- Born: 1983 (age 42–43) Ukrainian SSR
- Other name: "The Old Lady Strangler"
- Conviction: Murder x5
- Criminal penalty: Life imprisonment

Details
- Victims: 5
- Span of crimes: March 21 – May 11, 2010
- Country: Russia
- State: Moscow
- Date apprehended: May 24, 2010

= Serhiy Steblyakov =

Ukrainian serial killer

Serhiy Steblyakov (Сергей Стебляков; born 1983), known as The Old Lady Strangler (Душитель старушек), is a Ukrainian serial killer who, together with accomplices Azamat and Robert Kardanov, robbed and killed five people in Moscow from March to May 2010. Considered the ringleader of the trio, Steblyakov was convicted and sentenced to life imprisonment, while the Kardanovs received lesser sentences after pleading guilty.

==Early life==
Little is known about Steblyakov's life.

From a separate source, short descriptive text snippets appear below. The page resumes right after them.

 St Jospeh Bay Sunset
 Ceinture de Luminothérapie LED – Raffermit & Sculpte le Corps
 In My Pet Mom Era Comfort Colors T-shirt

Born in 1983 in the Ukrainian SSR, he purportedly grew up without a father and was raised solely by his mother. By the late 2000s, he was married, and would subsequently move to Russia as a guest worker, finding employment in the construction industry.

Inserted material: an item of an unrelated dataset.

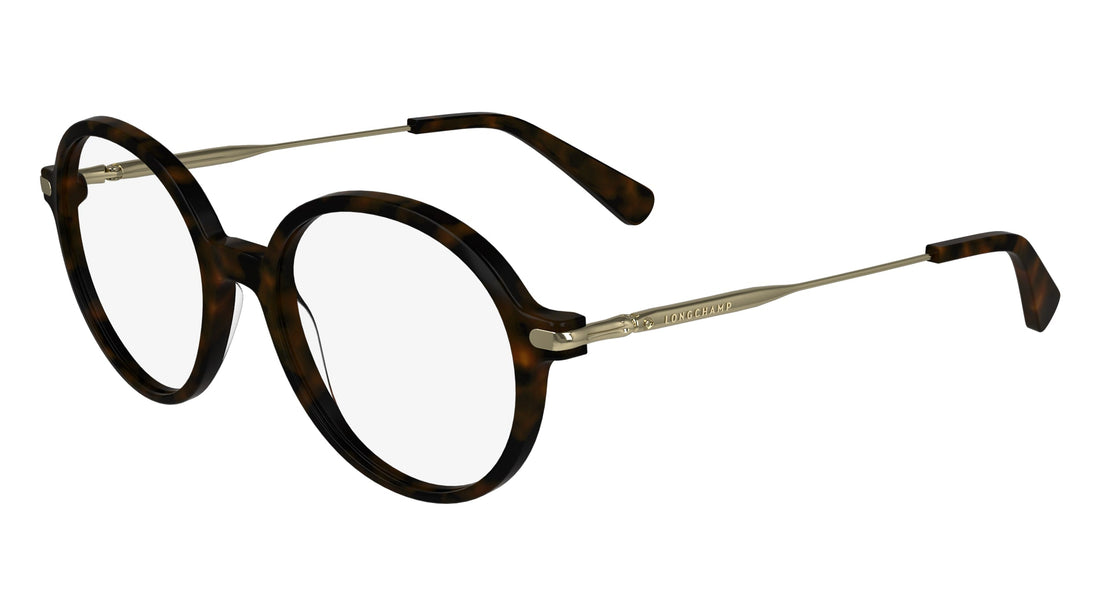 Translation missing: es.seo.product.type.gafas-graduadas longchamp lo2736 242 tortoise round femenino talla 50mm - Translation missing: es.seo.product.alt.imagen-secundaria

===Meeting the Kardanovs===
Brothers Azamat and Robert Kardanov were both born in Stavropol Krai, in 1984 and 1985, respectively. Having grown up without a father, their mother moved them to the village of Belokamennoye in Kabardino-Balkaria, where they spent their childhood and youth. Due to the fact their mother had a mental illness and was unable to have steady employment, the Kardanovs relied on hand-outs from charitable strangers and were left to do whatever they wanted, spending most of their time on the streets.

In December 2006, Azamat enlisted in the Russian Armed Forces after he was deemed fit for service, but deserted shortly afterwards. He himself would later claim that he briefly served as a mercenary in the Second Chechen War, but deserted yet again and finally settled in Kovrov, Vladimir Oblast, where he married a local woman and had a child with her. An indeterminate amount of time later, Azamat would reunite with his brother and both would travel to Moscow to seek work in the construction business, where they would befriend Steblyakov. Bonded by their shared discontent with their low wages, Steblyakov suggested that they could earn money by robbing people, to which the two brothers agreed.

==Crimes==
===Modus operandi===
As victims, the trio would usually target elderly female veterans, as they had easy access to their apartments, had trouble fighting back due to old age and received fairly generous pensions. However, they would also attack men, mostly targeting wealthy gay men on the behest of Steblyakov, who claimed that he did not consider them human.

===Murders===
The first murder occurred on 21 March 2010, when Steblyakov and the Kardanovs broke into the apartment of 85-year-old WWII veteran Nina Chasovaya on 35 Kakhovka Street. After strangling her to death, the murderers stole 30,000 rubles and jewellery before fleeing.

For reasons unknown, the criminals would wait for almost two months before striking again. Steblyakov informed the brothers that he had chatted up 46-year-old Khamzat Abdulrazakov, an openly gay Chechen man who held the rank of colonel in the FSB and had a construction business in Moscow. After meeting him through his boyfriend, Roman Shamatov, who was an acquaintance of Steblyakov, he convinced Abdulrazakov that he had a good business offer and arranged for them to meet on April 30 in Izmaylovsky Park. When he arrived, Abdulrazakov was lured deep into the park and then strangled with his own tie. Steblyakov and the Kardanovs then dug a shallow grave, threw the body inside and covered it with brushwood and old leaves. In total, they stole 18,000 rubles and an old Nokia phone.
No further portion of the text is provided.